Collected data
☆ ☆ ☆ ☆ ☆

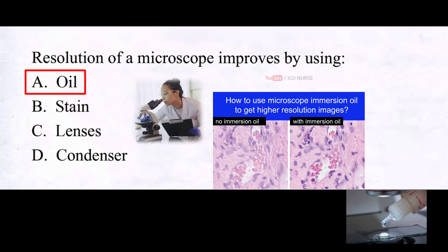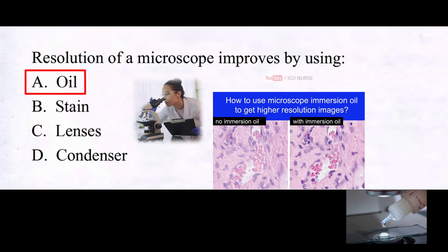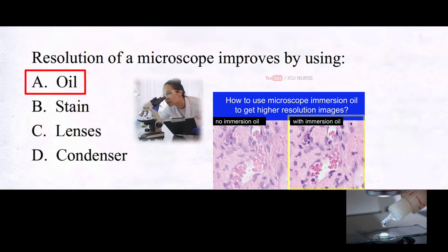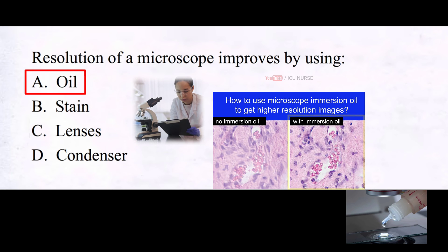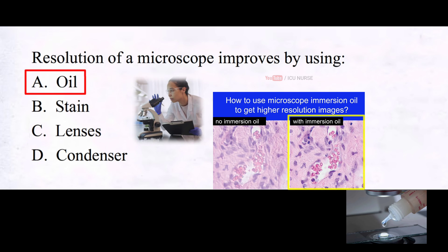Using oil immersion with a high refractive index between the specimen and the objective lens enhances resolution. It minimizes light scattering and maximizes the clarity of microscopic details, helping to see smaller structures more clearly. This technique is especially useful when studying transparent specimens, such as biological cells.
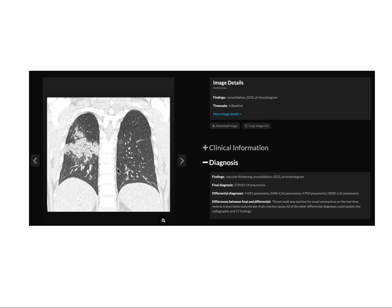Another case has evolved into consolidation with surrounding adjacent ground-glassing, which is a proven case of coronavirus.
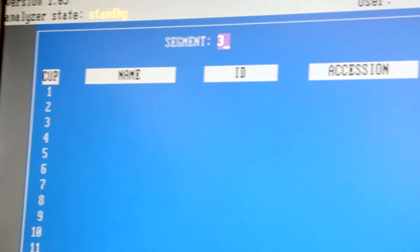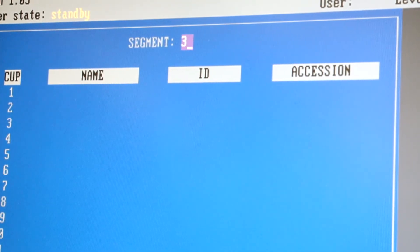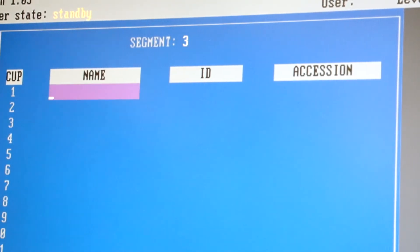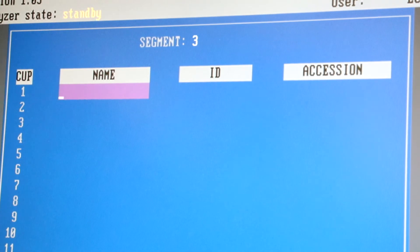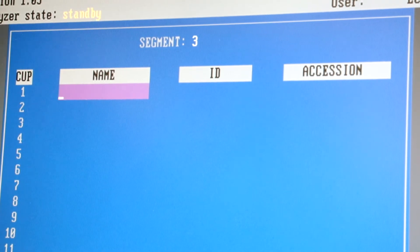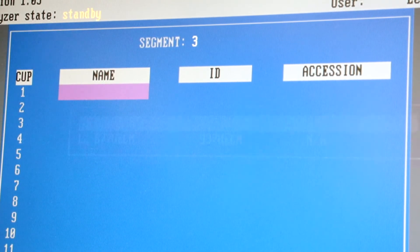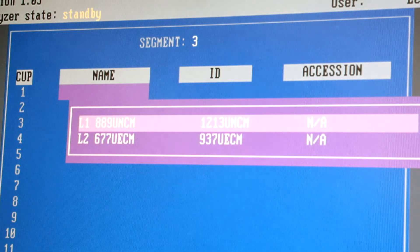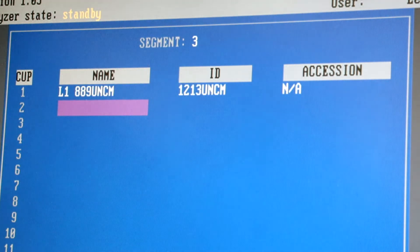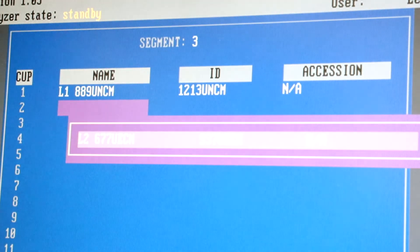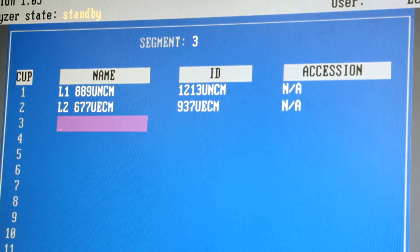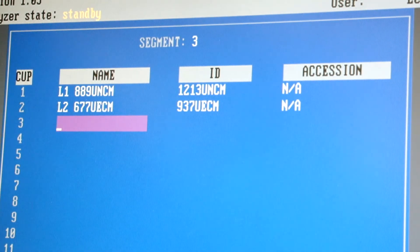You will need to give the segment a number and then press Enter. If a number is already in use, it will tell you and you will need to select a different number. Next, hit F12 to pull up a list of patients with orders and select L1 and on the next line, select L2.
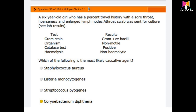Question 36: A six-year-old girl with a travel history presents with sore throat, hoarseness, and enlarged lymph nodes. A throat swab was sent for culture and results showed gram-positive bacilli. The organism was non-motile, catalase positive, and non-hemolytic. Which of the following is the most likely causative agent? Options are: Staphylococcus aureus, Listeria monocytogenes, Streptococcus pyogenes, and Corynebacterium diphtheriae.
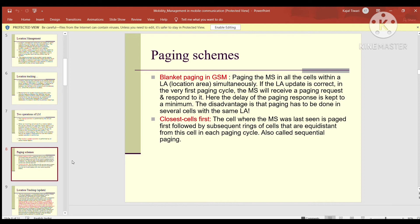The second type is 'closest cell first' — the cell where the mobile station was last seen is paged first, followed by subsequent rings of cells equally distant from this cell in each paging cycle. This is called sequential paging. It means we try to make the address mapping starting from the closest proximity to the mobile station or the next base station, and if the address is successfully mapped, we call it sequential paging.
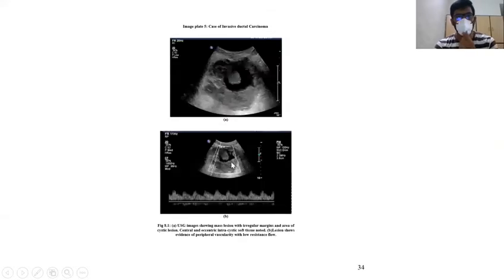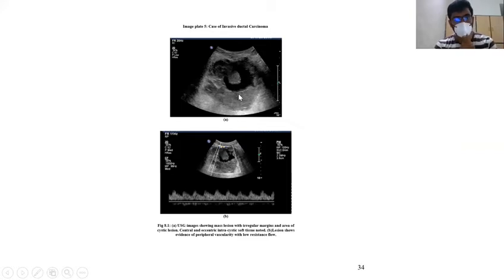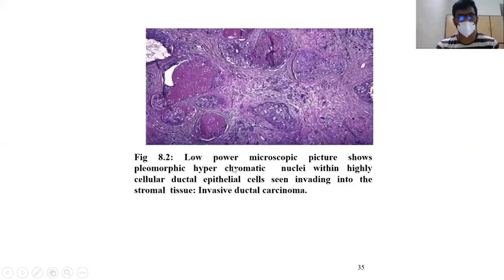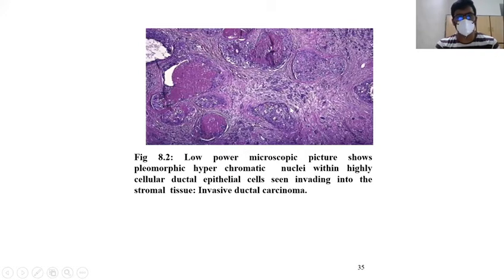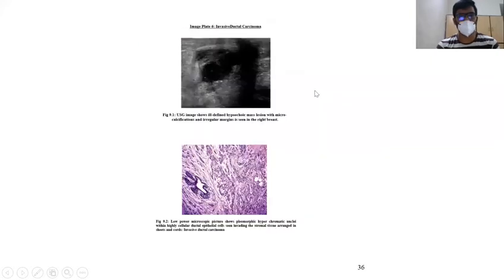This is the case of invasive ductal carcinoma. Here we can see a mass lesion with irregular margins and an area of cystic change. Central and eccentric intracystic soft tissues are noted. The sonogram demonstrates peripheral vascularity with low resistance flow. The histopathological picture shows pleomorphic hyperchromatic nuclei within highly cellular ductal epithelial cells seen invading into stromal tissue, consistent with invasive ductal carcinoma.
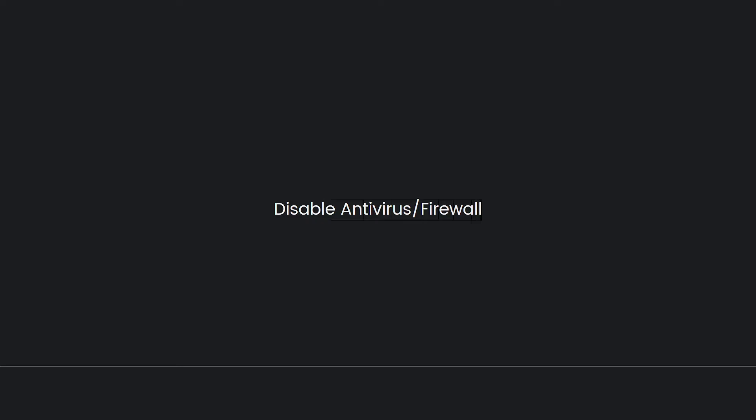Next, disable antivirus or firewall. Temporarily disable your antivirus software or firewall, as they can sometimes interfere with game startup. Make sure to enable them after testing to maintain system security.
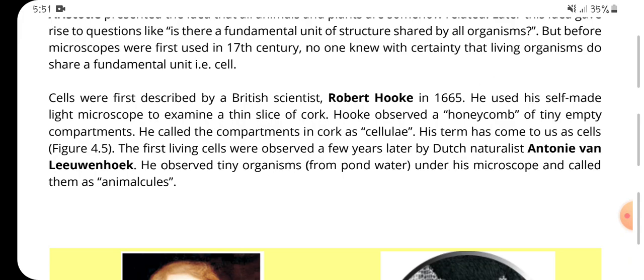The first living cells were observed a few years later by the Dutch naturalist Antonie van Leeuwenhoek. He observed tiny organisms under his microscope and called them animalcules. This was another significant milestone following Robert Hooke's 1665 discovery using his self-made light microscope.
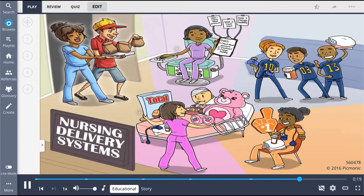To summarize, nursing delivery systems are different approaches to providing care for patients. These models are frameworks used to help nurses assess, plan, and implement care. The four types of nursing care models are functional nursing, team nursing, primary nursing, and total patient care.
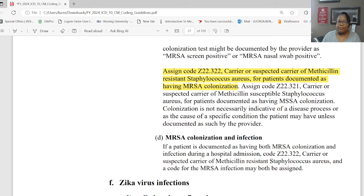Now we're down to section G: coronavirus. These guidelines have improved so much in the last couple of years since having COVID. ICD-10-CM has now included a code for coronavirus, so we've got to be very careful that we code coronavirus infections correctly. We're back at the guidelines for coronavirus infection, COVID-19 infection due to SARS-CoV-2.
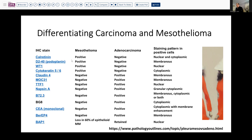A very useful stain, of course, is calretinin, which identifies mesothelial cells and is typically negative in adenocarcinoma. Our cytopathologists also use MC31 for this same purpose — it's quite useful in differentiating epithelial versus mesothelial-derived tissues. And then thinking about things that are positive in carcinoma and not in mesothelioma: B72.3, monoclonal CEA — these have been used for quite some time. BER-EP4 can also be useful, and in terms of defining malignancy, BAP1 can be quite useful as well.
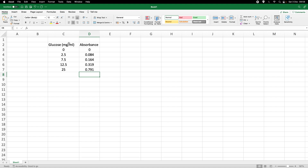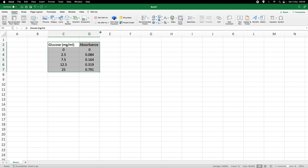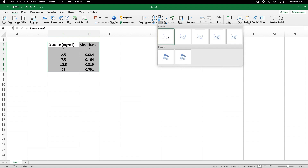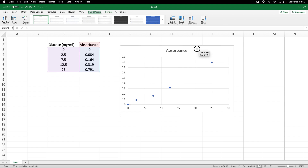Now let's draw a simple graph. I highlight the cells with a left mouse click, go to Insert, and up in the ribbon I choose the XY scatterplot — just the dots. Here is the graph, and it looks reasonably linear.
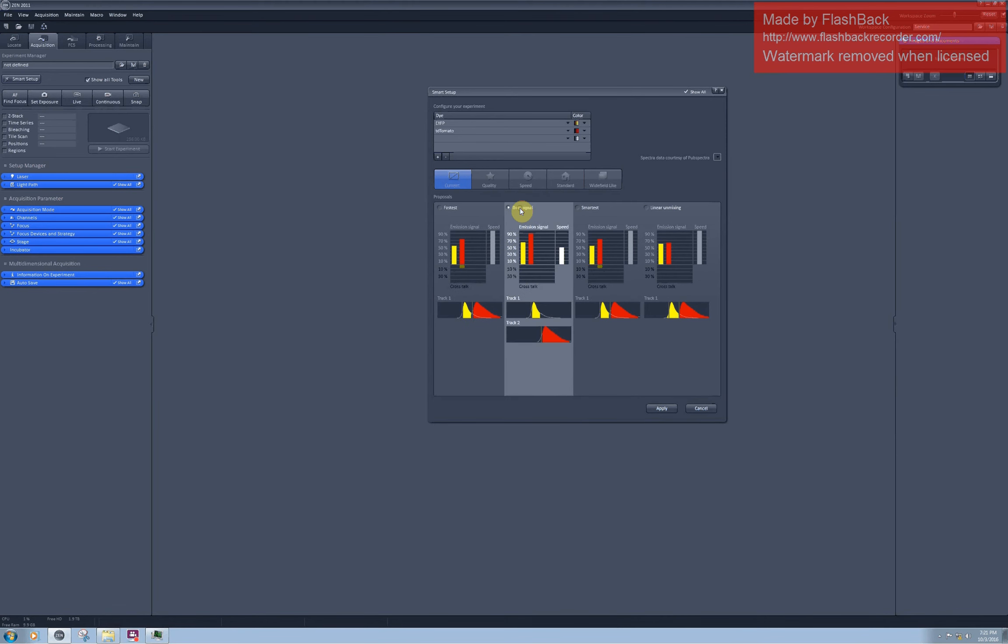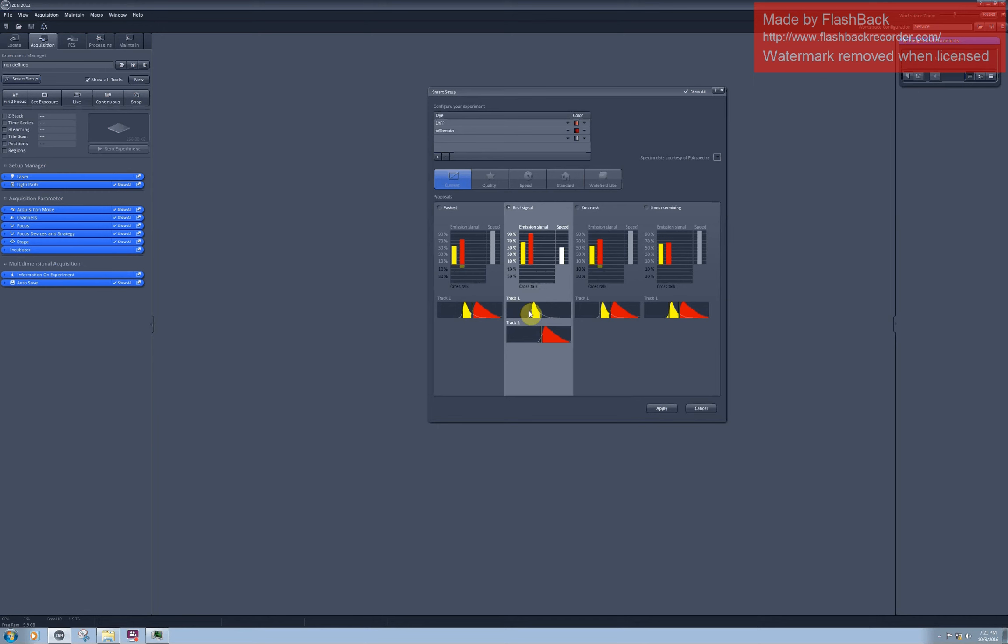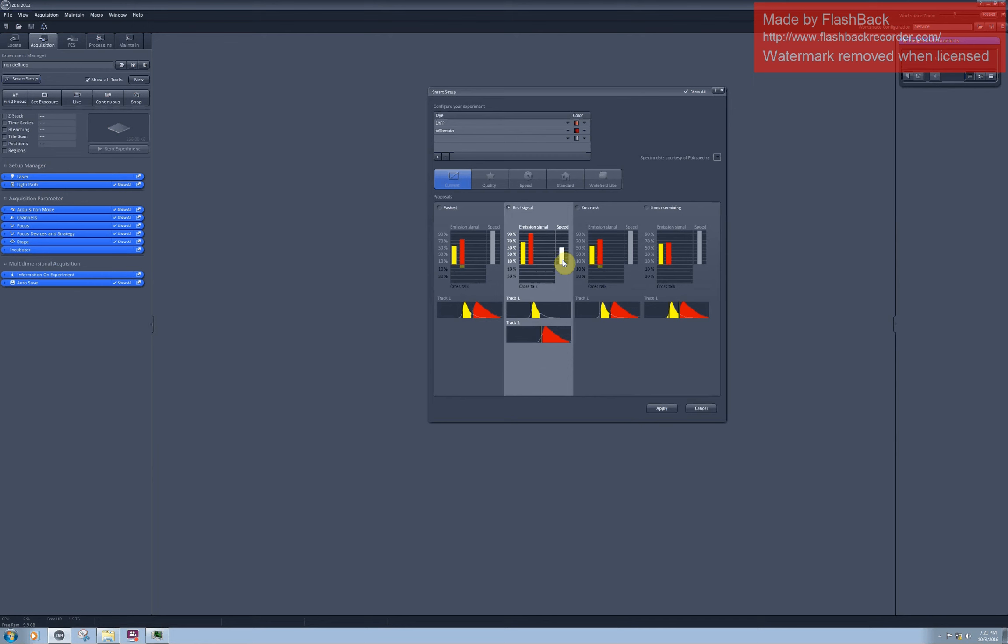Another option is called best signal. In this case, the software offers you to split your scanning into two tracks and to detect yellow fluorescent protein in track one. Here is the excitation laser for it, and you will be detecting this part of the spectrum. Then you switch off this laser and switch on the laser for the tomato and detect this part of the spectrum. This will most probably involve switching and turning the main beam splitters, changing the pinhole size, maybe even moving the prisms, and all this switching on and off will dramatically decrease the speed of scanning. But as you can see, there is no crosstalk in this case.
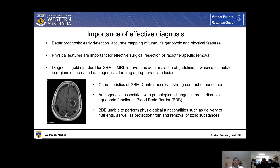The characteristics of glioblastoma on an MRI are central necrosis as well as strong contrast enhancement. As can be seen in this image, the outline of the tumor is quite clear, and this is where there is increased angiogenesis. This angiogenesis process is associated with pathological changes in the brain, specifically a disruption in aquaporin function in the blood-brain barrier. Aquaporins are proteins that allow for the passage of water and small solutes across membranes. As a result of this disruption, the blood-brain barrier is unable to perform its physiological functionalities, such as the delivery of nutrients, protecting the brain from toxic substances, and removing toxic substances from the brain.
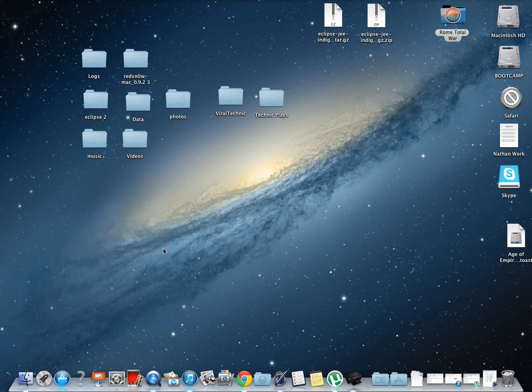Hey guys, Viral Technic here. I'm just bringing a quick, super quick tutorial on how to change your web browser.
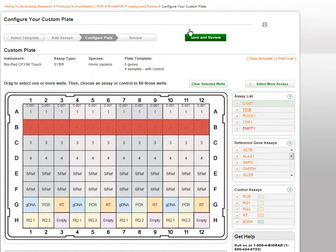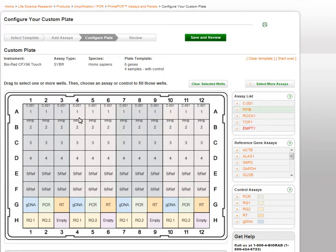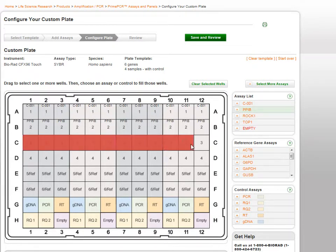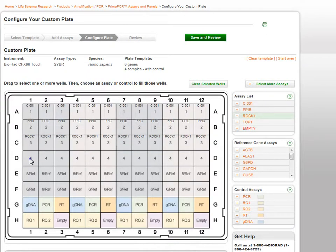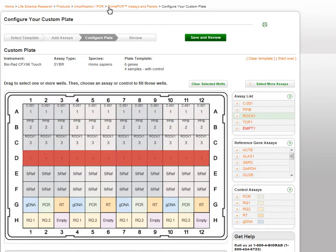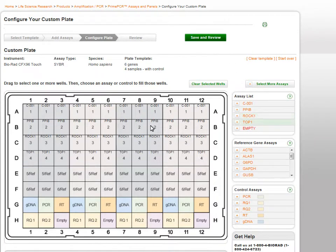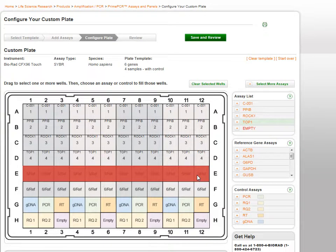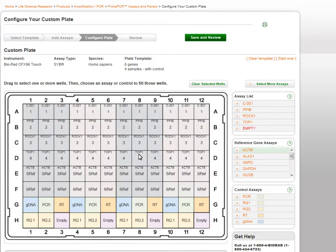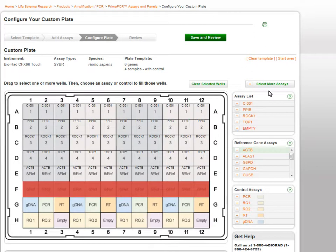Continue this process to complete your plate. Suggested reference genes are listed on the right-hand side along with experimental controls. It is important to note that control assays are not already on the plate and must be added manually.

☆ ☆ ☆ ☆ ☆

The records above are to be restated word for word, with every picture left out.

**RESULT FOR THIS EXERCISE:**
Using oil immersion with a high refractive index between the specimen and the objective lens enhances resolution. It minimizes light scattering and maximizes the clarity of microscopic details, helping to see smaller structures more clearly. This technique is especially useful when studying transparent specimens, such as biological cells.
Another case has evolved into consolidation with surrounding adjacent ground-glassing, which is a proven case of coronavirus.
You will need to give the segment a number and then press Enter. If a number is already in use, it will tell you and you will need to select a different number. Next, hit F12 to pull up a list of patients with orders and select L1 and on the next line, select L2.
Question 36: A six-year-old girl with a travel history presents with sore throat, hoarseness, and enlarged lymph nodes. A throat swab was sent for culture and results showed gram-positive bacilli. The organism was non-motile, catalase positive, and non-hemolytic. Which of the following is the most likely causative agent? Options are: Staphylococcus aureus, Listeria monocytogenes, Streptococcus pyogenes, and Corynebacterium diphtheriae.
The second type is 'closest cell first' — the cell where the mobile station was last seen is paged first, followed by subsequent rings of cells equally distant from this cell in each paging cycle. This is called sequential paging. It means we try to make the address mapping starting from the closest proximity to the mobile station or the next base station, and if the address is successfully mapped, we call it sequential paging.
This is the case of invasive ductal carcinoma. Here we can see a mass lesion with irregular margins and an area of cystic change. Central and eccentric intracystic soft tissues are noted. The sonogram demonstrates peripheral vascularity with low resistance flow. The histopathological picture shows pleomorphic hyperchromatic nuclei within highly cellular ductal epithelial cells seen invading into stromal tissue, consistent with invasive ductal carcinoma.
Next, disable antivirus or firewall. Temporarily disable your antivirus software or firewall, as they can sometimes interfere with game startup. Make sure to enable them after testing to maintain system security.
The first living cells were observed a few years later by the Dutch naturalist Antonie van Leeuwenhoek. He observed tiny organisms under his microscope and called them animalcules. This was another significant milestone following Robert Hooke's 1665 discovery using his self-made light microscope.
To summarize, nursing delivery systems are different approaches to providing care for patients. These models are frameworks used to help nurses assess, plan, and implement care. The four types of nursing care models are functional nursing, team nursing, primary nursing, and total patient care.
Now we're down to section G: coronavirus. These guidelines have improved so much in the last couple of years since having COVID. ICD-10-CM has now included a code for coronavirus, so we've got to be very careful that we code coronavirus infections correctly. We're back at the guidelines for coronavirus infection, COVID-19 infection due to SARS-CoV-2.
A very useful stain, of course, is calretinin, which identifies mesothelial cells and is typically negative in adenocarcinoma. Our cytopathologists also use MC31 for this same purpose — it's quite useful in differentiating epithelial versus mesothelial-derived tissues. And then thinking about things that are positive in carcinoma and not in mesothelioma: B72.3, monoclonal CEA — these have been used for quite some time. BER-EP4 can also be useful, and in terms of defining malignancy, BAP1 can be quite useful as well.
Now let's draw a simple graph. I highlight the cells with a left mouse click, go to Insert, and up in the ribbon I choose the XY scatterplot — just the dots. Here is the graph, and it looks reasonably linear.
Another option is called best signal. In this case, the software offers you to split your scanning into two tracks and to detect yellow fluorescent protein in track one. Here is the excitation laser for it, and you will be detecting this part of the spectrum. Then you switch off this laser and switch on the laser for the tomato and detect this part of the spectrum. This will most probably involve switching and turning the main beam splitters, changing the pinhole size, maybe even moving the prisms, and all this switching on and off will dramatically decrease the speed of scanning. But as you can see, there is no crosstalk in this case.
The characteristics of glioblastoma on an MRI are central necrosis as well as strong contrast enhancement. As can be seen in this image, the outline of the tumor is quite clear, and this is where there is increased angiogenesis. This angiogenesis process is associated with pathological changes in the brain, specifically a disruption in aquaporin function in the blood-brain barrier. Aquaporins are proteins that allow for the passage of water and small solutes across membranes. As a result of this disruption, the blood-brain barrier is unable to perform its physiological functionalities, such as the delivery of nutrients, protecting the brain from toxic substances, and removing toxic substances from the brain.
Hey guys, Viral Technic here. I'm just bringing a quick, super quick tutorial on how to change your web browser.
Continue this process to complete your plate. Suggested reference genes are listed on the right-hand side along with experimental controls. It is important to note that control assays are not already on the plate and must be added manually.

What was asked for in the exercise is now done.